__Instructions for the task__: In the entries below, find the line with "In order to" and the line with "You can notice"; copy them and every line between them exactly, but not the pictures.

__Exercise material__:
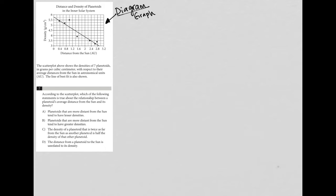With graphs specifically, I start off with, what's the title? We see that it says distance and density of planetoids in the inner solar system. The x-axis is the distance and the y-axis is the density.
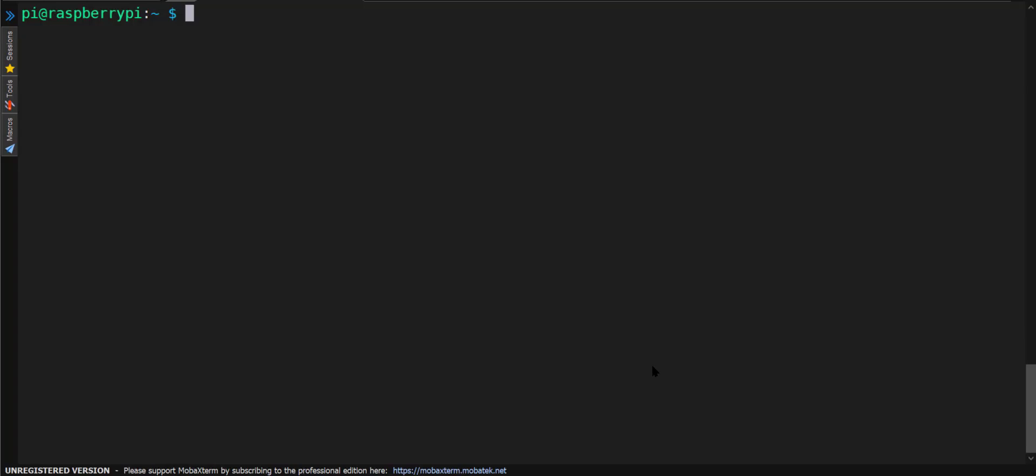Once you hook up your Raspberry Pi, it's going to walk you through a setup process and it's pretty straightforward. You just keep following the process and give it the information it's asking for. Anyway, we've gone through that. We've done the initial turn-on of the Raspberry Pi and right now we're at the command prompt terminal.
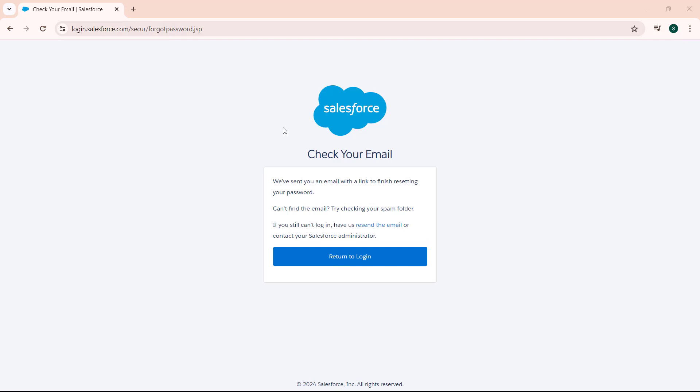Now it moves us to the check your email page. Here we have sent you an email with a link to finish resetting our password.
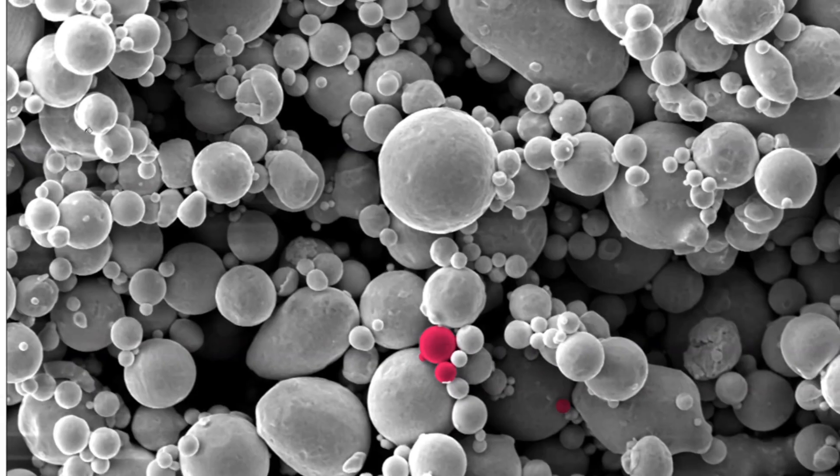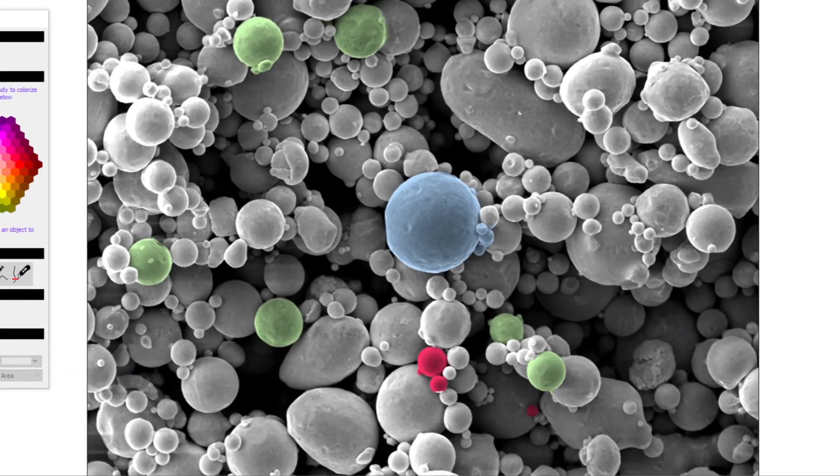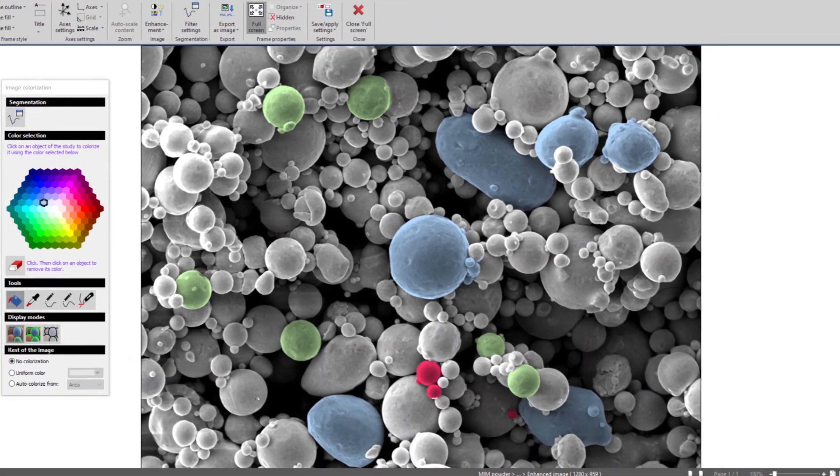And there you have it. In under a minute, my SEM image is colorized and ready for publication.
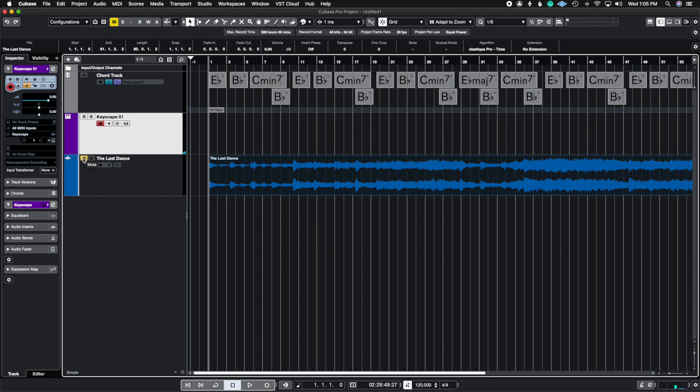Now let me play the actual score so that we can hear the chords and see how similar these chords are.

---

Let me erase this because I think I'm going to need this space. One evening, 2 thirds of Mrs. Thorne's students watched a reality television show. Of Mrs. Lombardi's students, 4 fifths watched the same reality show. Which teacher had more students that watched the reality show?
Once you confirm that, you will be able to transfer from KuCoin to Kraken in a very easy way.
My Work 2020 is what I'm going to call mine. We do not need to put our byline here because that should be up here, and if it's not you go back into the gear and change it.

---

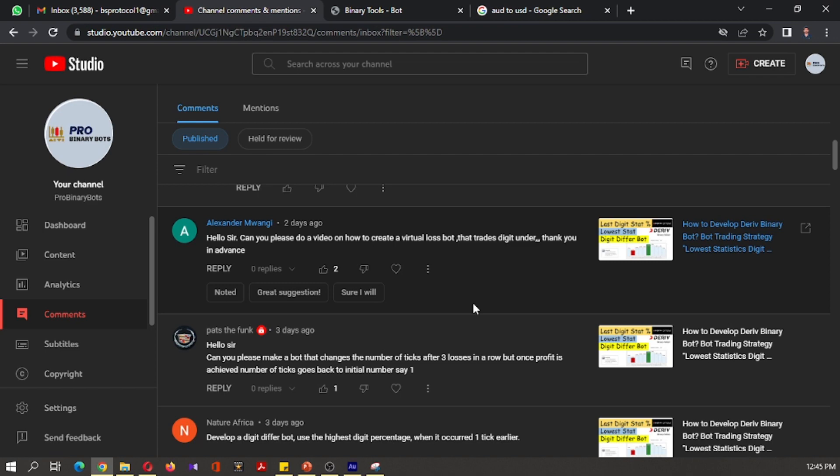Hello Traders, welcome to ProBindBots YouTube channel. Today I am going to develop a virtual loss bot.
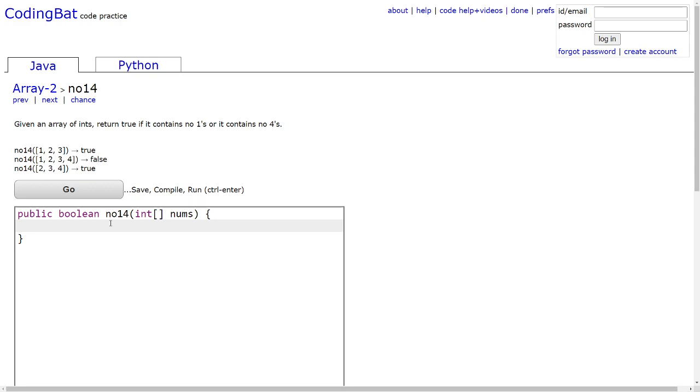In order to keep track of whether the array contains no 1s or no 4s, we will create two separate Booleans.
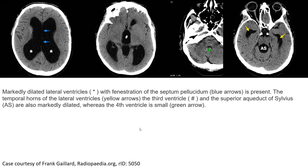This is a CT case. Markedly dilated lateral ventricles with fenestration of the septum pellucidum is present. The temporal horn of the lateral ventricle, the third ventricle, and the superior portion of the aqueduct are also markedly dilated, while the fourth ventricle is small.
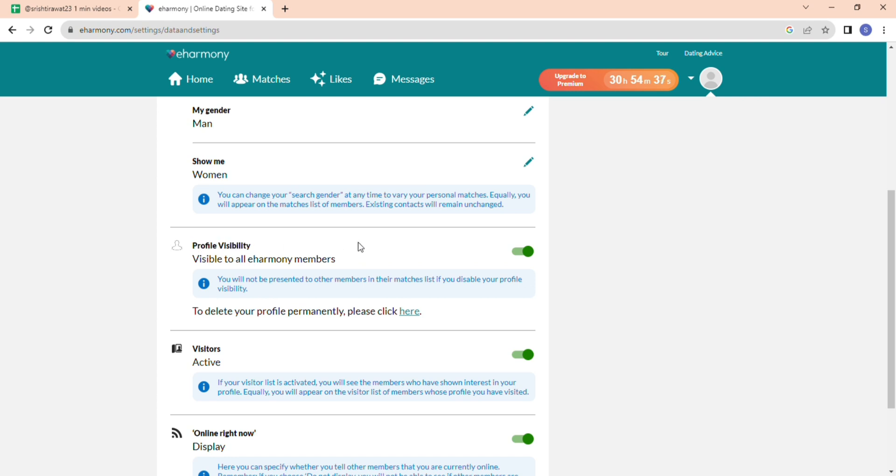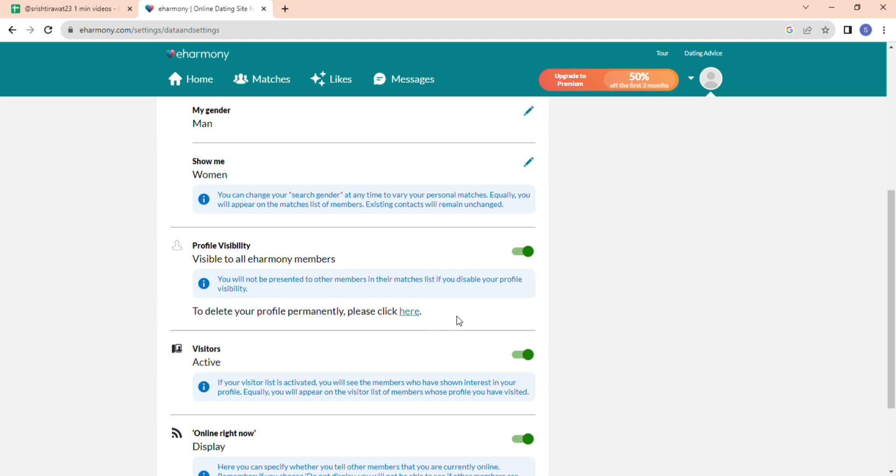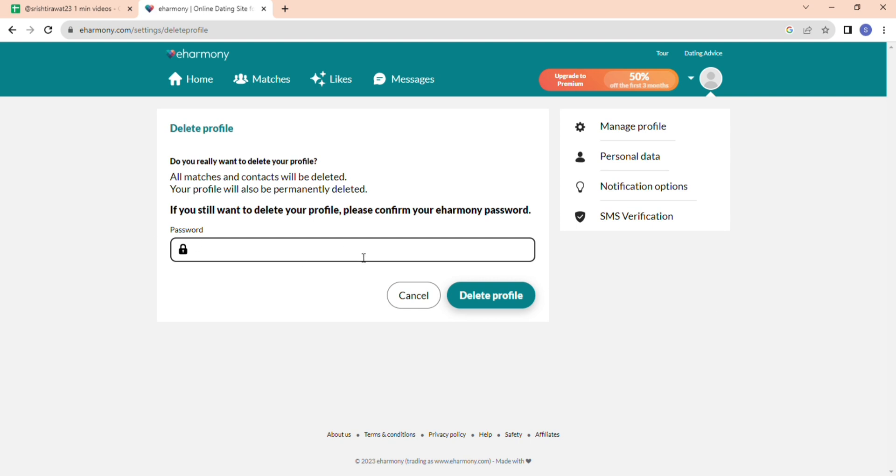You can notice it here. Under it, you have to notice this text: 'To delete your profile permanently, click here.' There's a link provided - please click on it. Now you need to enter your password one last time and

__Answer box__:
In order to keep track of whether the array contains no 1s or no 4s, we will create two separate Booleans.
This is a CT case. Markedly dilated lateral ventricles with fenestration of the septum pellucidum is present. The temporal horn of the lateral ventricle, the third ventricle, and the superior portion of the aqueduct are also markedly dilated, while the fourth ventricle is small.
You can notice it here. Under it, you have to notice this text: 'To delete your profile permanently, click here.' There's a link provided - please click on it. Now you need to enter your password one last time and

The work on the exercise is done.